One of the south’s most popular franchises is none other than Chick-fil-A. Whether you spring out of bed to make it in time for Chick-n-Minis™, brave the lunch rush for a sandwich or become everyone’s best friend by bringing a platter of nuggets to an event, this fast food staple is a fan favorite.
Cody Hopper has served as the Owner/Operator of Chick-fil-A’s Skibo location for almost two years, but his journey with the business goes back much further than that.
“I was at college at NC State, obtaining my bachelor’s degree in sports management. I wanted to be a coach, I wanted to be athletic director at a high school or something like that. I just used Chick-fil-A as a part time job just to help me put myself through school and didn’t even think about it as a career, so once I kind of caught the ‘bug’ if you will and pursued Chick-fil-A, I saw that there was a lot more opportunity than what I initially had pursued in the sports world...” remarked Hopper.

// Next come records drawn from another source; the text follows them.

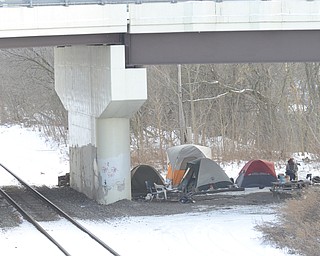 Katie Rickman  | The Vindicator.A small "tent city" under Marshall Street Bridge where several homeless people live is viewed from West Front Street in Youngstown on January 15, 2015.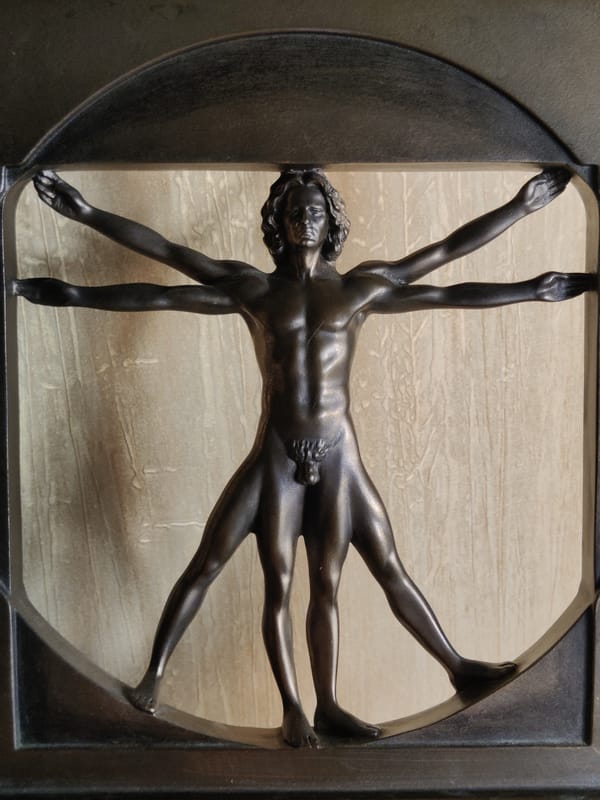 Succulents, a curious cat, and a bronze Vitruvian Man
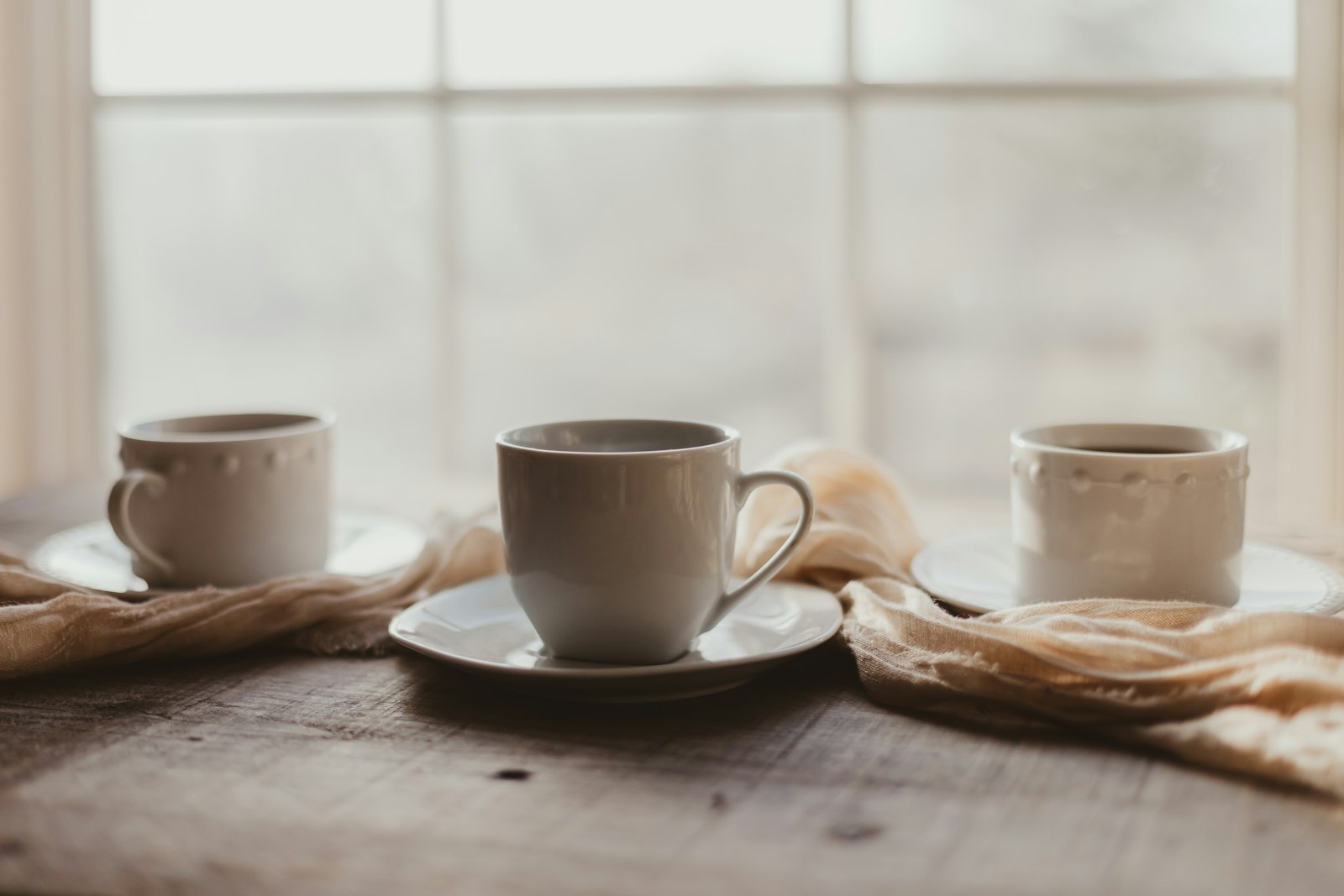 Trois tasses de café sur une table en bois, devant une fenêtre lumineuse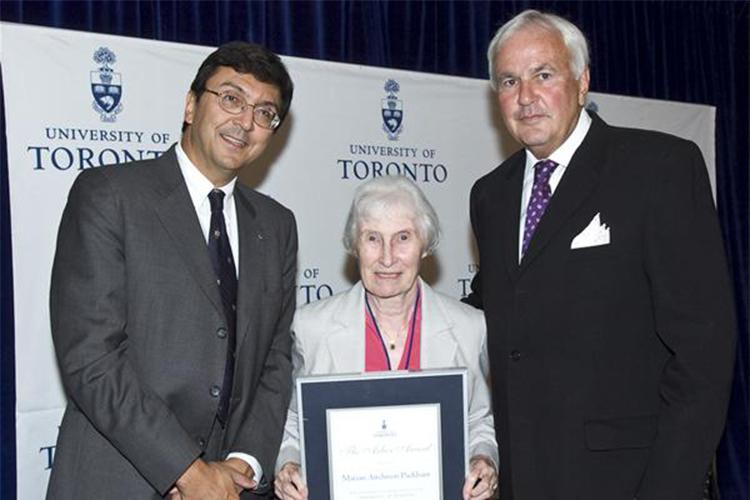 Marian Packham holds her framed Arbor Award as she stands between two university officials at a presentation.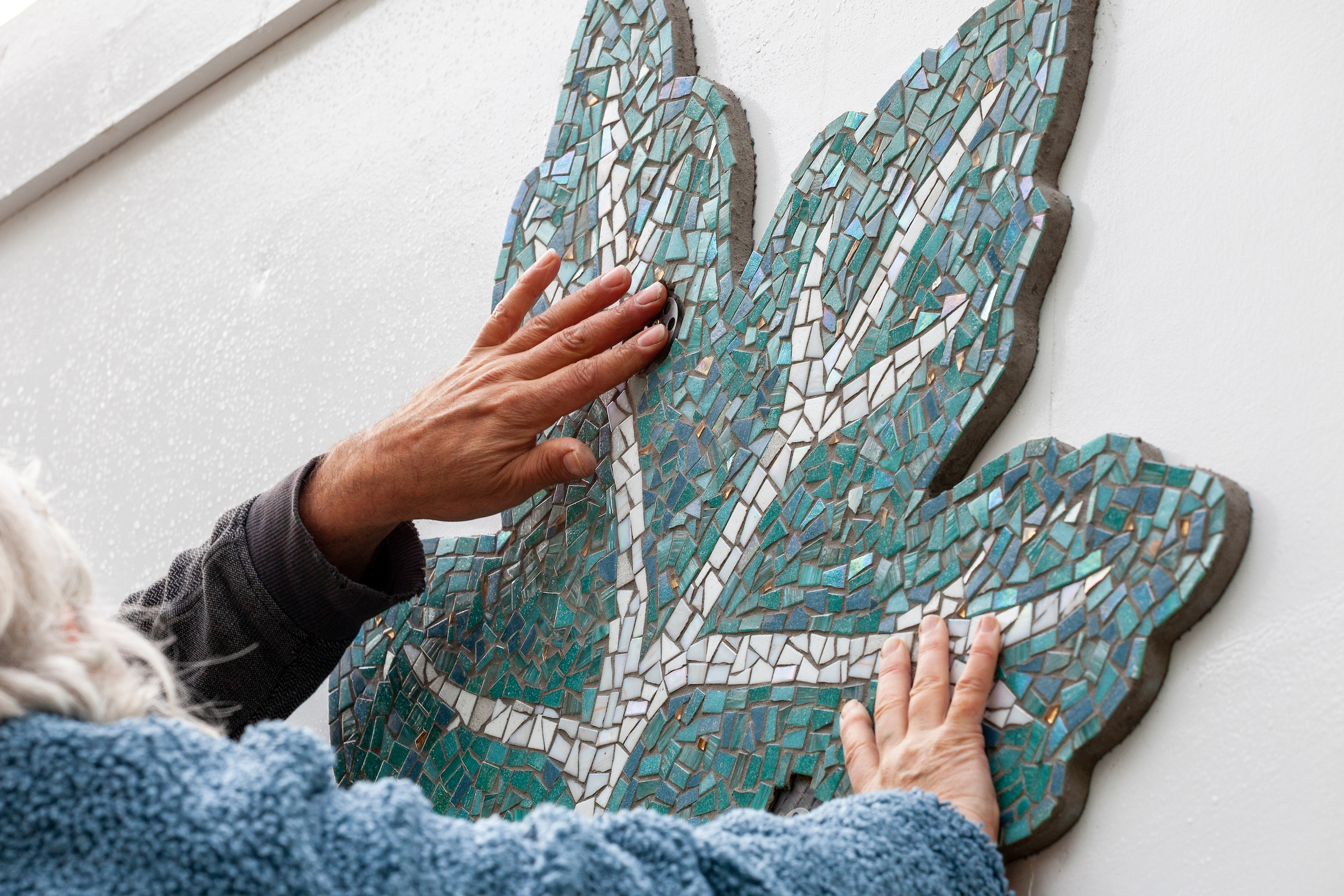 Closeup of two people's hands touching a leaf-shaped mosaic fixed to a white wall, outdoors.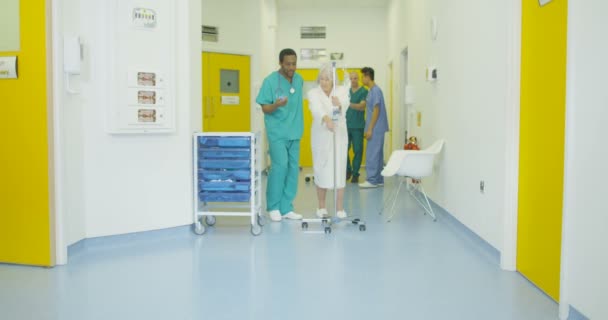 4 k pečující zdravotní pracovník pomáhá starší pacientka v rušných nemocničních - Záběry, video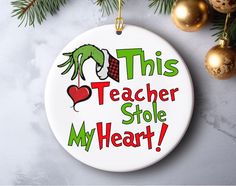 this teacher stole my heart christmas ornament on a white background with gold ornaments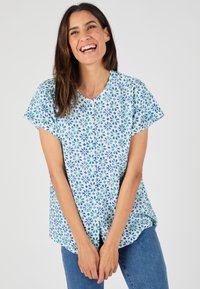 Camisa de botón con base azul claro, con un patrón floral en verde y azul oscuro. Mangas cortas y dobladillo redondeado.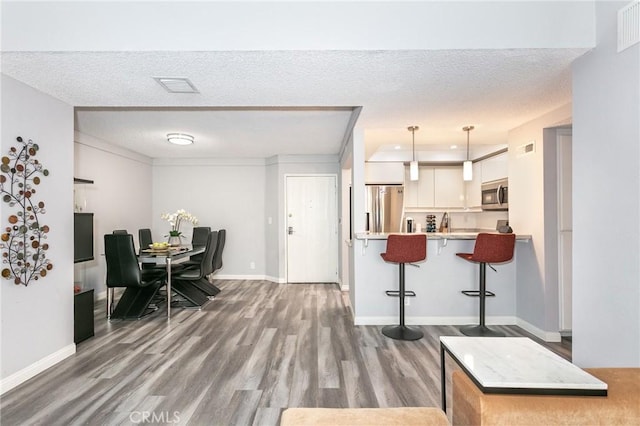 7800 Topanga Canyon Blvd Unit 324, Canoga Park, CA 91304 - kitchen with stainless steel appliances, a kitchen breakfast bar, wood finished floors, light countertops, and white cabinets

Hopper worked his way through the ranks at the company and was then able to apply to Chick-fil-A’s Leadership Development Program conducted out of their support center in Atlanta, Georgia. This is a 24 to 30 month program that serves as a pipeline for dedicated employees to become franchisees in the Chick-fil-A system.
“There’s two facets to it [the program]. There’s a grand opening side which is [where] you kind of partner alongside the operator and you help set them up, you have trainers that come in that you’re responsible for and you help just ensure their business is off to great success within a few months of opening. And then from the other side, it's called an interim manager program, where, let’s say a location loses his operator due to termination or, or death or whatever the case may be, there's a half of the program that goes in and fills those which will be known as a corporate run restaurant for the
interim. And then you get thrown around every two to three months in that program. And so, hopefully you've learned over time within two to two and a half years of all those assignments, then you’re able to tell a really good story of how you’ve grown in your business acumen and your leadership capacity to become your own franchise operator,” explained Hopper.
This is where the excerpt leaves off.